The most important organisms in biological, wastewater treatment plants are the bacteria—eubacteria and archaebacteria. Recognition of the distinction between these two groups of organisms or domains (Bacteria and Archaea) is relatively recent, and it is common for species of both groups to be referred to as bacteria. Bacteria enter wastewater treatment plants through fecal waste and I/I as soil and water organisms.

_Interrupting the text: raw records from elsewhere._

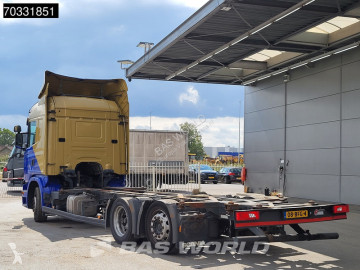 شاحنة BDF Scania
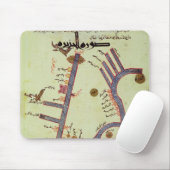 De Tigris en de Euphrates Muismat (Met muis)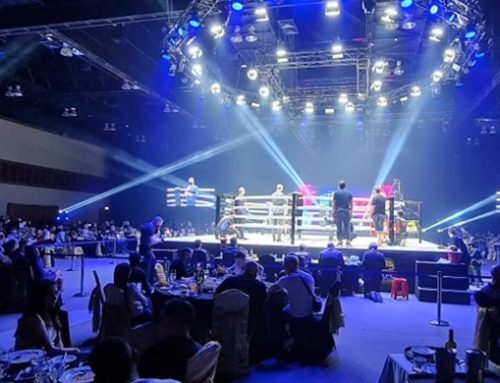 Pulsating Bare Knuckle Fight Championship in Pattaya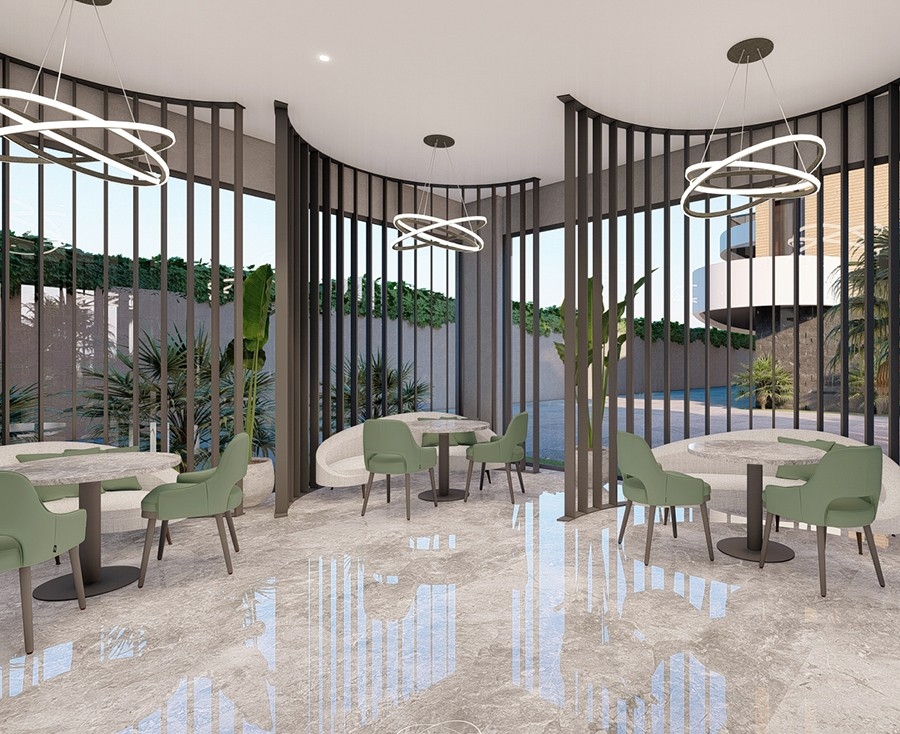 Exclusive new elite project in Alanya
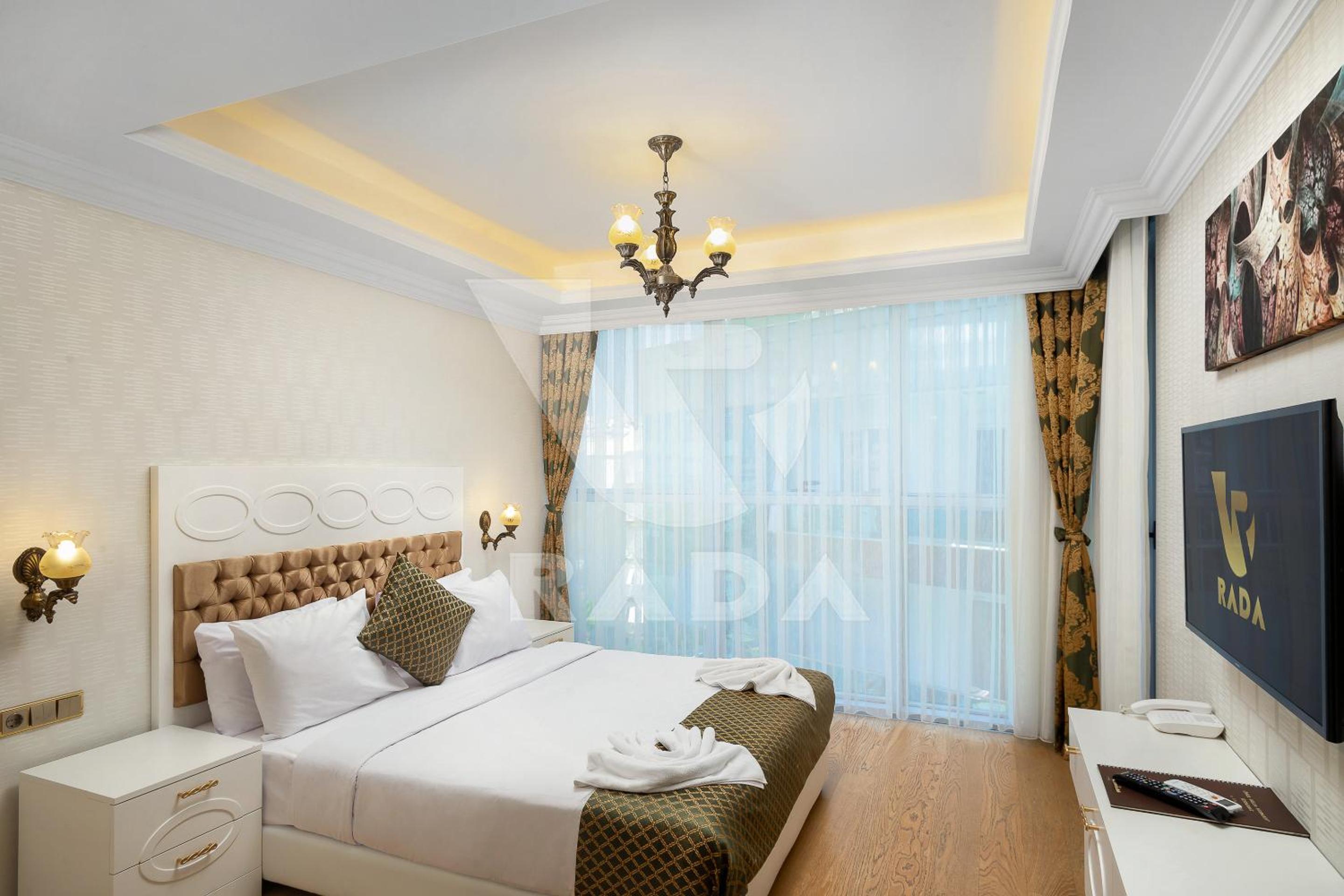 Junior Suite With Balcony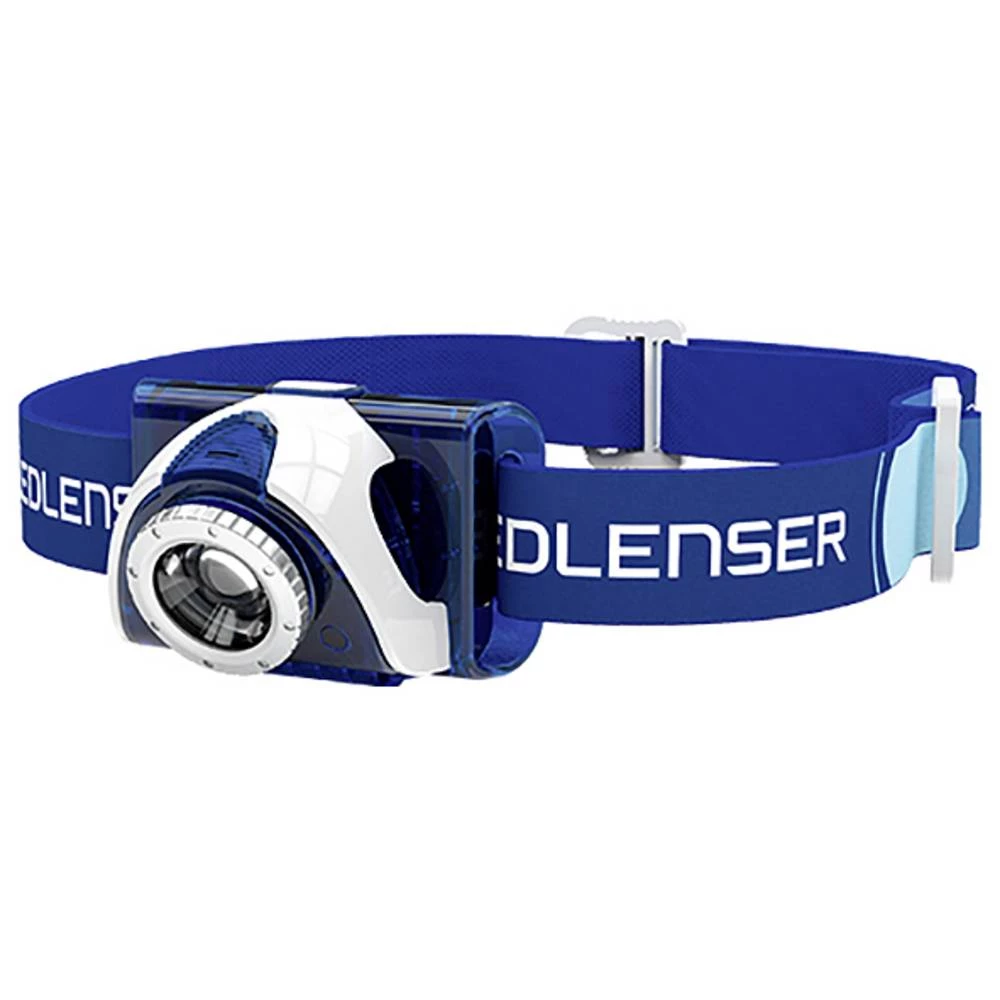 Ledlenser LED svjetiljka za glavu baterijski pogon 100 lm 40 h 6103-B slika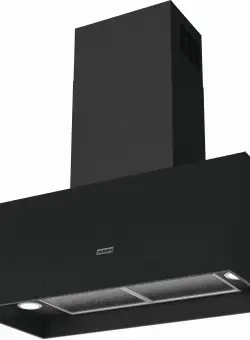 Hota decorativa Franke Smart Country FCO 70 ON max 600m3/h 70cm Nero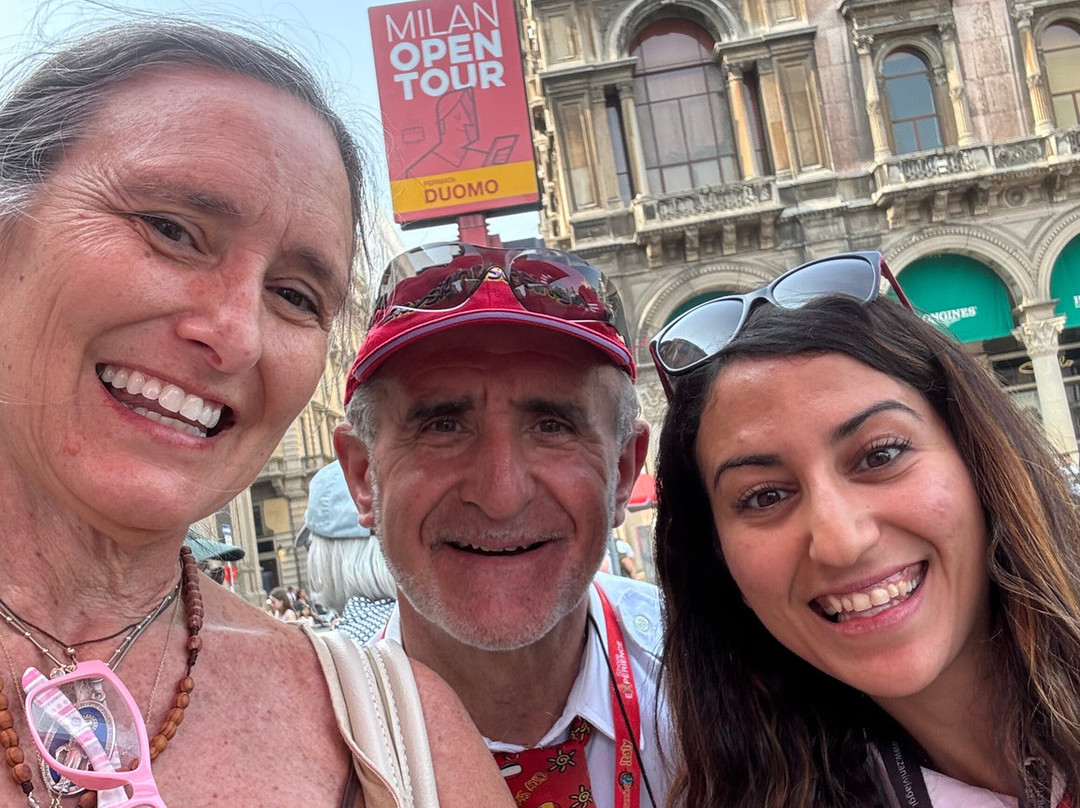 City Sightseeing Milano-米兰必去景点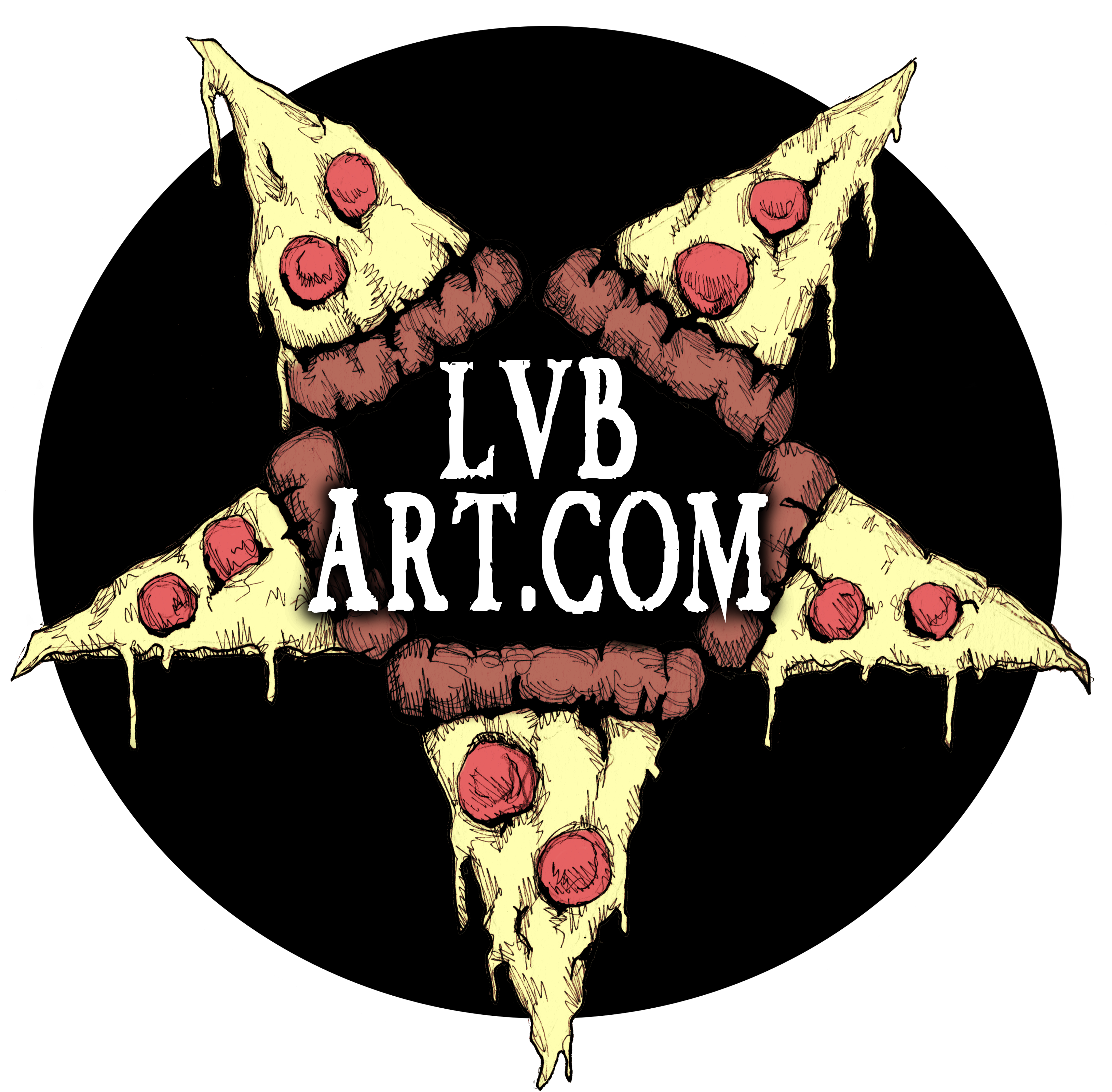 Lvbart's Artist Shop Clipart (3300x3312), Png Download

The archaebacteria consist of the halophiles, thermacidophiles, and methanogens. Only the methanogens or methane-forming bacteria are of importance in waste-water treatment plants. Methane-forming bacteria stabilize wastes through their conversion to methane (CH4).
Halophiles (salt-loving) or halophilic bacteria are found in saltwater where the salt concentration (3.5%) is optimum for their growth.These marine organisms need an elevated sodium ion (Na+) concentration in their environment in order to maintain the integrity of their cell wall and an elevated potassium ion (K+) concentration in their cells for proper enzymatic activity. Halophilic bacteria along with cyanobacteria and photosynthetic bacteria produce gas vacuoles. These vacuoles are used to regulate cell buoyancy; that is, they are a cellular floatation device.
Thermacidophiles (high-temperature-loving and low-pH-loving) or thermaci-dophilic bacteria perform no role in wastewater treatment plants. These organisms live in hot acidic environments such as volcanic vents on the ocean floor.